What the Many Owe the Few: Standing Up to Hatred and Bigotry
I am married to a man who is an ardent World War II expert — an armchair expert, mind you, not an academic. He grew up in the shadow of the men of his grandfather’s generation, absorbing the stories of heroism they brought back after fighting against the terrorism Nazi Germany visited upon the world.
What this means is that over the last 15 years, I have absorbed more World War II history than I would have imagined possible. Really. You truly have no idea the wealth of documentaries, books, and yes — periodicals — devoted to the history of the Second World War. While we sleep at night, Winston Churchill stares down at us from one of Carl Mydans’ iconic Life magazine prints, lovingly hung by my husband next to our bed.
His passion for World War II is met by my lifelong interest in the history of America’s Civil Rights movement. A movement sparked, in part, by the hypocrisy raised by the specter of American war heroes of color returning to state-sanctioned apartheid at home. Embers from this spark were later fueled by the lynching of a 14-year-old innocent, Emmett Till, born the same year that the United States entered the war.
So I was disgusted and outraged to see that in the wake of the horrifying violence and deaths that resulted from a white supremacist rally in Charlottesville, Virginia, where demonstrators waved Nazi flags, that one of Texas’ most vocal leaders of the white supremacist movement not only felt it appropriate to reference Charlottesville and announce an upcoming rally on the Texas A&M campus* — but then had the audacity to declare that the violence that erupted in Virginia was the fault of “leftists” whose “anti-white” agenda has led to “white genocides.”
I’m not entirely sure what he meant — perhaps even he doesn’t know, because when he was asked by the reporter to name a single “white genocide” led by “leftists” he told the reporter he’d get back to him. Unsupported references to non-existent genocides makes a mockery out of the actual genocides and racial and ethnic violence perpetrated by white supremacists throughout history. And the attempt to shift blame from those responsible for the violence and death in Charlottesville is patently absurd.

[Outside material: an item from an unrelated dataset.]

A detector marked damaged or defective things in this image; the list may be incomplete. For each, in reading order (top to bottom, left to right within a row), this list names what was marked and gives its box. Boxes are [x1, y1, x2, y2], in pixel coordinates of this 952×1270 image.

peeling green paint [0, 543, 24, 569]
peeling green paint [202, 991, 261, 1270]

It is like saying that because he refused to bow to Hitler’s will, Winston Churchill was himself responsible for the devastation caused by the Blitz. Or that Dietrich Bonhoeffer (my husband’s favorite theologian) deserved to be imprisoned and later hung because he returned from the United States to his native Germany to be part of the opposition to Hitler. Emmett Till did not invite his death — he was brutally murdered, as were the millions of innocents who died at the hands of the Nazis in concentration camps, the citizens of London killed during the Blitz, and the untold number of Americans who lost their lives to slavery, lynching, and hate crimes perpetrated by white supremacists in the United States.

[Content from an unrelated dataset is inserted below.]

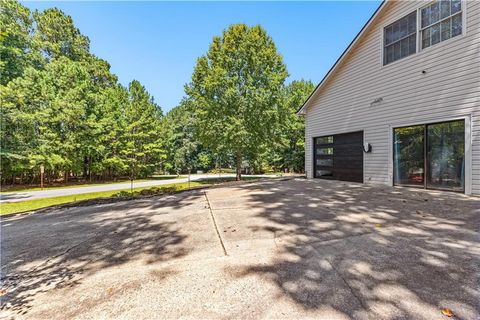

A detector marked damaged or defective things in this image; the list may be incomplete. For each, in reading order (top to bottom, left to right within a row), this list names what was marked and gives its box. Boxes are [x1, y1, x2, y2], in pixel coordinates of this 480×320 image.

crack in concrete [203, 191, 228, 256]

The values of our democracy cry out for counter-protests in the face of those who would celebrate these murders. More fundamentally, civilization requires us to stand up and speak out. To declare with certainty that Winston Churchill and Dietrick Bonhoeffer are heroes and martyrs to what is right and good. To say with certainty that Martin Luther King, Jr’s sacred legacy as a great American must be protected and celebrated. And to remember that Emmett Till was an innocent whose atrocious murder sparked a movement, and that he did not die in vain.
On Saturday we added a new victim to the body count of intolerance and hatred. Not because she invited it, but because she chose to stand up for what is right and good. And as soon as plans for another rally on the A&M campus emerged, a group of students bravely announced that they would be there for a counter-protest.
They will be there to stand up to racism and bigotry because this is what people of good conscience must do. I am proud that so much of our work at Texas Appleseed focuses on trying to find solutions to the ongoing systemic inequities wrought by this country’s history of racial and ethnic violence, oppression, and segregation. And I will be there on September 11 to stand with the Texas A&M students and others who counter-protest.*
Standing up to hatred and bigotry and its permutations is, after all, what our heroes demand of us. It is what the many owe to the few.
*Update: August 15, 2017
Shortly after I posted, Texas A&M issued this statement cancelling the September 11 rally. While Texas Appleseed is a staunch supporter of the First Amendment, we appreciate the University’s concerns for the safety and welfare of its students and faculty given the deadly violence in Charlottesville.